THe day we got his diagnosis I was awake in the middle of the night realizing that this is going to be life-long, not just a "hump" he needs to get over and then will be "normal". It scared me, truly scared me for the first time. And I wondered "can I really do this?" But the answer was/is obvious: "yes I can, I AM, and I will."

You're an amazing woman!! You have a lot on your plate, yes, more than most other moms. It's okay to let some things slide (who cares if you pull your clothes out of the dryer to wear them, who cares if it's been a week since you mopped your floor). Focus on the things that really matter (working well enough to keep your job, paying bills, basic needs for you and your kids) then take care of the rest as you find extra bursts of energy.

Then come here to vent whenever!! We all do
post #3 of 10
Quote:
Originally Posted by snuggly mama View Post
Needless to say, they pretty much think I'm a flake, which makes me upset since in my LBJ (Life Before dd) I was really reliable and very conscientous. Now, I just feel like everyone has these huge EXPECTATIONS of me, and I'm totally burnt out.
Oh, mama, I relate to this in such a strong way it gave me shivers to read it. It's really, really hard.

I can commiserate. I am taking almost 40 people to New Orleans for Katrina recovery this coming week (for work), and I really ought to work on my one day off this week to get everything set for my absence, but my dd has two major appointments that are in two different areas of the state. I am so tired just thinking of trying to get ready for my absence at work, let alone at home. And my arthritis is flaring up so I am exhausted from that, and I know that the work we will be doing next week, and the fact that we are sleeping on the floor of an empty church, will just exaserbate it all.

I am so tired of people seeing me as incompetant or whatever because things are always dropping off my plate. I just can't seem to keep up.

And I am even more tired of feeling like I can't just be with my kids and do the things I need to do for them without feeling worried or guilty about work I am not doing. I want to be a PRESENT parent.

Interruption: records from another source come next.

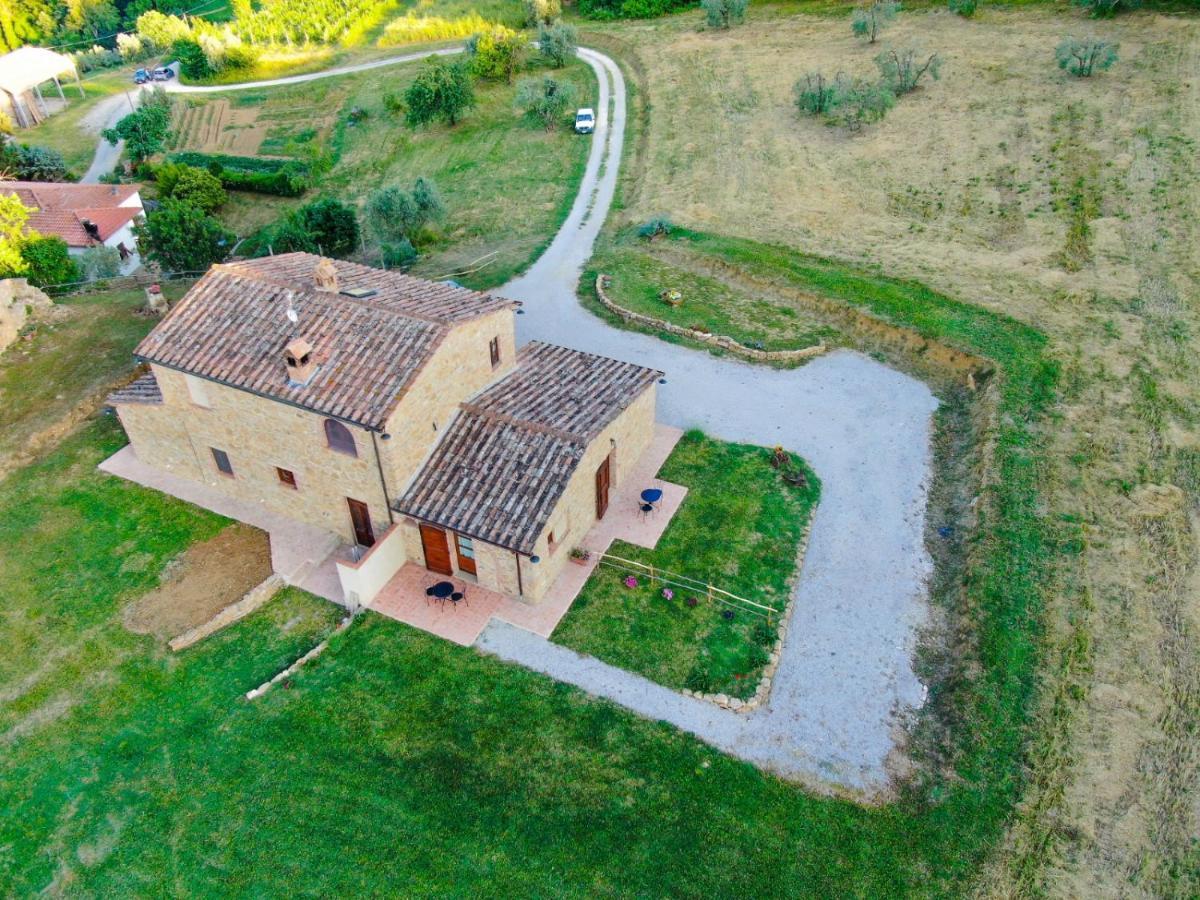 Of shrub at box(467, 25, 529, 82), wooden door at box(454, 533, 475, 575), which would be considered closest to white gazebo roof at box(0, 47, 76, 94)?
shrub at box(467, 25, 529, 82)

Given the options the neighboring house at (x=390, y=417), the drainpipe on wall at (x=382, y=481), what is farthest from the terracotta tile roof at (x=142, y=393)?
the drainpipe on wall at (x=382, y=481)

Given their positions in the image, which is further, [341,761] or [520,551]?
[520,551]

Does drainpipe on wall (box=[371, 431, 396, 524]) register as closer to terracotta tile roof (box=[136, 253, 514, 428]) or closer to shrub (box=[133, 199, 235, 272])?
terracotta tile roof (box=[136, 253, 514, 428])

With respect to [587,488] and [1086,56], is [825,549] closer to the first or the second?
[587,488]

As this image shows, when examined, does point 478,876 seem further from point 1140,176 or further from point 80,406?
point 1140,176

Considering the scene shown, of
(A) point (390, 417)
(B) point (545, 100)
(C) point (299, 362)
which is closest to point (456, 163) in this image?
(B) point (545, 100)

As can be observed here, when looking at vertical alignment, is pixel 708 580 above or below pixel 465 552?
below

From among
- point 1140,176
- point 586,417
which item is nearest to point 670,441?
point 586,417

Anyway, just wanted to offer hugs and say, I think I really GET it.
post #4 of 10
I have a lot less going on as I resigned from work but I still feel like a flake with the responsibilities I do have because I'm just preoccupied and overwhelmed. I too wasn't like that before.
post #5 of 10
Thread Starter 
Thank you all. It helps to know I'm not the only one who feel like this.

I'm on vacation next week. Hopefully, I can have some fun with the kids, and also find some time to just be alone and think for awhile.
post #6 of 10
I'm sorry you're feeling so overwhelmed. I hope your week of vacation is rejuvenating and fun.
post #7 of 10
post #8 of 10

I can relate



Sincerely,
Debra
post #9 of 10
I can relate, too. (((HUGS))) I feel like friends IRL don't understand how it is to not only deal with a SN child, deal with (in our case) not having answers and a full diagnosis, and deal with the emotional aspect that comes with realizing other I feel like a lesser person/failure because there is way more on my plate than I ever anticipated. I'm sorry you are dealing with this.
post #10 of 10
I'm totally there with you too. I've had to be away a lot (at conferences also) lately and it all just feels so stupid. And dh, though he's nice about it, is pretty much over it.

I'm actually in a hospital room in another city from where I live, corresponding with my students in an "online" class since I couldn't get anyone to cover my classes this morning. I'm so worried that the administration is just going to be done with me and not continue my contract. Ugh.

I hope your vacation week is mucho fun!